High tax rates drive investment away. He has pointed out that research from the OECD reinforces the idea that corporate taxes have the most negative impact on economic growth, with personal income taxes and consumption taxes being somewhat less harmful.

A neutral tax code aims to generate the most revenue with minimal economic distortions. As tax systems become more complex, as Canada’s has, they become less neutral. Wudrick argues that a competitive, neutral and simple tax code can nurture sustainable economic growth and investment while simultaneously funding essential government priorities.

As in the US, recruitment drove Canadian M&A activity in 2023. Large firms are acquiring talent by acquiring smaller firms, while smaller firms are trying to do the same thing at their level.  “Larger and regional firms getting larger,” said Fazarri. “Smaller firms like ours with about 35 people are getting fewer and fewer.”

Dealmaking in Canada will pick up this year as private equity funds look to deploy capital, family-owned businesses look to find new partners and economic pressures begin to ease, says KPMG Canada.

According to KPMG, M&A activity slowed down in 2023 as high interest rates dented confidence. Interest rates are starting to come down, but the company predicted that one of the biggest drivers this year will be private equity activity. Neil Blair, president of KPMG Corporate Finance, claims that a combination of a slower pace of portfolio company exits and a slower rate of capital deployment in 2023 in the private equity world will drive activity in 2024. Private equity funds continue to sit on record amounts of capital and are under increasing pressure to return capital to investors through the sale of portfolio companies.

Blair predicts that private equity funds and corporates will be looking for opportunities in the middle market in particular, as an increasing number of business owners retire.

ESG has become a big focus for the Canadian government over the last year, opening a new market for local accounting firms. In March 2023, the Sustainable Finance Action Council (SFAC) in the Department of Finance Canda released its Taxonomy Roadmap Report, featuring a framework to establish standardised definitions of climate-compatible investments, similar to the EU Taxonomy on Sustainable Activities. The Canadian Green and Transition Financial Taxonomy framework, backed by Canada’s 25 largest financial institutions, is being designed to help align capital flows and investments with Canada’s climate targets.
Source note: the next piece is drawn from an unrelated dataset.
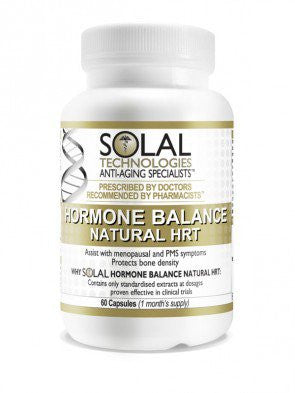 Solal Hormone Balance Natural HRT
Climate investment has become a matter of urgency for Canada. According to the Department of Finance, Canada needs to scale up climate investment rapidly to achieve a net-zero economy by 2050. By some estimates, Canada’s climate investment gap is as high as CA 115 billion annually.

Canada's CSA (Canadian Standards Association) plans to start requiring ESG reporting and climate disclosures from large Canadian banks, insurance companies, and federally regulated financial institutions in 2024. Canadian listed companies also need to comply with certain ESG-related provisions, such as gender diversity disclosure related to board composition.

From 2024 onward, eligible banks, insurance companies, and federally regulated financial institutions will need to provide ESG disclosures on their climate-related risk.

While demand is good for now, Canada seems to be at a crossroads. It is going to take a lot of effort to keep the country on track for growth – now is not a good time for its accountants to be divided.